| Instructions for the task |
Copy exactly, please, the lines of the data from its start through the line containing "Gingerbread plush with".

| Provided material |
_____
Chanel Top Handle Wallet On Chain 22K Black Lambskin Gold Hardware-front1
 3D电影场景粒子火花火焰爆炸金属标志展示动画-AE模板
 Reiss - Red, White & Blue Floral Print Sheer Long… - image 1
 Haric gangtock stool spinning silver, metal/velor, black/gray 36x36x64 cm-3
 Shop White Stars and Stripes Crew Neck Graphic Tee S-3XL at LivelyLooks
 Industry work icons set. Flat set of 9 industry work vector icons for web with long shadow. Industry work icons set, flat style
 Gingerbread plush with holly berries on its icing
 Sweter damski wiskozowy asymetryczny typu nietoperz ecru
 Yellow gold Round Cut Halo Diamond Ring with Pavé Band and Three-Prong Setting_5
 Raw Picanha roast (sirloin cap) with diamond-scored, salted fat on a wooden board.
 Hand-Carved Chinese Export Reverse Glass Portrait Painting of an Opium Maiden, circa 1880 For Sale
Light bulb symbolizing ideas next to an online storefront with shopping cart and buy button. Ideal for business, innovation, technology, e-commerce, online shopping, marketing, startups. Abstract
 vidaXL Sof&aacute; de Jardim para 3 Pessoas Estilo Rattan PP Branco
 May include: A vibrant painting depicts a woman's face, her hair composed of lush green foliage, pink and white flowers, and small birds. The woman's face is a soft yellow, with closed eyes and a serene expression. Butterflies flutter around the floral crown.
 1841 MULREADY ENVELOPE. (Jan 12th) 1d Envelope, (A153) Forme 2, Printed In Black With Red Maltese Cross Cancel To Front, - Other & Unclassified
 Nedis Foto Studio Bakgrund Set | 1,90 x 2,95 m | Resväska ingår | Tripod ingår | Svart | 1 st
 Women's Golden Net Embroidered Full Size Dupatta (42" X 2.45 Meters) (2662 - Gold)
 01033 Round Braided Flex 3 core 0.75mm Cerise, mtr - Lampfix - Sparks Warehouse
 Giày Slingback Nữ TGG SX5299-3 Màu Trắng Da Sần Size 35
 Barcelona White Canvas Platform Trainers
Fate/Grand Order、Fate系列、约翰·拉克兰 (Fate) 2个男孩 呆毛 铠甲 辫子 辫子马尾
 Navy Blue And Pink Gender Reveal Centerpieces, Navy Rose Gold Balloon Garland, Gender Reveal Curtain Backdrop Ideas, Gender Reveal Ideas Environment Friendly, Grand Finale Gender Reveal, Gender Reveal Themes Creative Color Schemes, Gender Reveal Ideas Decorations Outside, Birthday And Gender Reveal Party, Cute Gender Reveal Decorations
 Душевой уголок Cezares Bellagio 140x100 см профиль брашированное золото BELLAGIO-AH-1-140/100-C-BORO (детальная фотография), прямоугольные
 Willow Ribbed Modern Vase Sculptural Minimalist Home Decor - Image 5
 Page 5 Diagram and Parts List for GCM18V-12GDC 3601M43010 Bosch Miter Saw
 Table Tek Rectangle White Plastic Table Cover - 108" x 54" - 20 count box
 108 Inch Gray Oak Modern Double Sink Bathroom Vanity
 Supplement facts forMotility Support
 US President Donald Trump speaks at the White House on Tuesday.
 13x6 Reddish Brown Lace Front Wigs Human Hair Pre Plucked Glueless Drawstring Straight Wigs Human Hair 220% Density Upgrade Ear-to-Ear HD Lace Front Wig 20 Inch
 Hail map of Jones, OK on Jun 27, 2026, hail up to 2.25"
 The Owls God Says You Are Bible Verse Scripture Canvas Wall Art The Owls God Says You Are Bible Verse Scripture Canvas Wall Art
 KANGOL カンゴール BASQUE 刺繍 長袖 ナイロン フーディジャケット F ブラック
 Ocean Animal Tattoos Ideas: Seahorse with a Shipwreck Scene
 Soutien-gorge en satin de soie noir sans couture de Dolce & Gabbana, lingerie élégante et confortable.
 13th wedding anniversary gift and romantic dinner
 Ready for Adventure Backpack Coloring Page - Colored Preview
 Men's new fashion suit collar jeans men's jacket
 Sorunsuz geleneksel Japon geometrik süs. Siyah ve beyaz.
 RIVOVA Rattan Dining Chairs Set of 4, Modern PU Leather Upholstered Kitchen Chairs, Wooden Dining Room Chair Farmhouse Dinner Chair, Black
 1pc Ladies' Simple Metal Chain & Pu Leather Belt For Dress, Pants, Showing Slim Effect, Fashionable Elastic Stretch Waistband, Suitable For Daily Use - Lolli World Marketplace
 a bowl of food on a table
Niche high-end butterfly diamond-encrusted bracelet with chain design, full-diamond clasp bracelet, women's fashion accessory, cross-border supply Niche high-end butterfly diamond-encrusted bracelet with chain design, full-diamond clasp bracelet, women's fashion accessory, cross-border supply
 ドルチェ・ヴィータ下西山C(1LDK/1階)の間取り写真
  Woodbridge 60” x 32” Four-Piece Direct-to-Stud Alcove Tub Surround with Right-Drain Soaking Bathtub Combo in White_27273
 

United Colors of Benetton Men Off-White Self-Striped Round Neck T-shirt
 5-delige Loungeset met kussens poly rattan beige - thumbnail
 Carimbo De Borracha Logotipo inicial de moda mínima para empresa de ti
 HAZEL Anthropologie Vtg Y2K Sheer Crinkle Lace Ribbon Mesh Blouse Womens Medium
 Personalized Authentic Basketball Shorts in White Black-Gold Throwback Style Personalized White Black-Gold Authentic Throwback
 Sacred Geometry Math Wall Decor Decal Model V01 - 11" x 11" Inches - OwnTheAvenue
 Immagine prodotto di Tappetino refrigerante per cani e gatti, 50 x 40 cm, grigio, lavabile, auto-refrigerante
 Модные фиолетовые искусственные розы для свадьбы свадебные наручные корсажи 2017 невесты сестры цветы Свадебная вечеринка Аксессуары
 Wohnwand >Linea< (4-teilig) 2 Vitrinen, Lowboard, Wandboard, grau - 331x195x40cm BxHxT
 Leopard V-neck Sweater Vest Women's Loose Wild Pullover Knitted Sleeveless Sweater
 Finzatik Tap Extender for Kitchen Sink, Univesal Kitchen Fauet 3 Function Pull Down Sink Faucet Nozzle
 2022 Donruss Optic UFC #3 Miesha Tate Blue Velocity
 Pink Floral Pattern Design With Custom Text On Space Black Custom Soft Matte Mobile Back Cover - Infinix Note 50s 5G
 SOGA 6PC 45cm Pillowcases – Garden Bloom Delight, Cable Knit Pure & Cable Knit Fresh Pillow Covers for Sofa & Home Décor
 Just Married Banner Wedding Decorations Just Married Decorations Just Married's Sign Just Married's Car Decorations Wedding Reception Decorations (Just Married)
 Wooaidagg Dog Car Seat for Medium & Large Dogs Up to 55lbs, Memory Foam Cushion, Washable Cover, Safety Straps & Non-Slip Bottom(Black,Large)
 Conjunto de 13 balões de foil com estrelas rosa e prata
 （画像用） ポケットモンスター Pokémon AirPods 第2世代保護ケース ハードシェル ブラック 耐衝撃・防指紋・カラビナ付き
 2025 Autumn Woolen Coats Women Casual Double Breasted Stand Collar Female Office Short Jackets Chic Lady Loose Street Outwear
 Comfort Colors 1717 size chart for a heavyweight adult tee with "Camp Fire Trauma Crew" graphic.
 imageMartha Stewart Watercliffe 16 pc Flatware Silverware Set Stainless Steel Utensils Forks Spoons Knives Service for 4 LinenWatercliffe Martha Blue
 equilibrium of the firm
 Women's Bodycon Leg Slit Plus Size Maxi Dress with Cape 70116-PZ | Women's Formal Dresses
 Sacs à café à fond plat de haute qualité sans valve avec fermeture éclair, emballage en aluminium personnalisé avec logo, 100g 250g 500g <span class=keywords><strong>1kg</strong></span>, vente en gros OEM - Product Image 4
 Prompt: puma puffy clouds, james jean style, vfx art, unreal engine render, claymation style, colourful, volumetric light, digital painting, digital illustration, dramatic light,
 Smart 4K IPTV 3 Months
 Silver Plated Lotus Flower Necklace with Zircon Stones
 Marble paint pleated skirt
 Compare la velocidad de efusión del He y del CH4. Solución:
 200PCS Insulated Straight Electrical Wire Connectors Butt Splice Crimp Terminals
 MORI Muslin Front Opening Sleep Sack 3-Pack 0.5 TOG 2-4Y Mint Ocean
_____
| Result for this exercise |
Chanel Top Handle Wallet On Chain 22K Black Lambskin Gold Hardware-front1
 3D电影场景粒子火花火焰爆炸金属标志展示动画-AE模板
 Reiss - Red, White & Blue Floral Print Sheer Long… - image 1
 Haric gangtock stool spinning silver, metal/velor, black/gray 36x36x64 cm-3
 Shop White Stars and Stripes Crew Neck Graphic Tee S-3XL at LivelyLooks
 Industry work icons set. Flat set of 9 industry work vector icons for web with long shadow. Industry work icons set, flat style
 Gingerbread plush with holly berries on its icing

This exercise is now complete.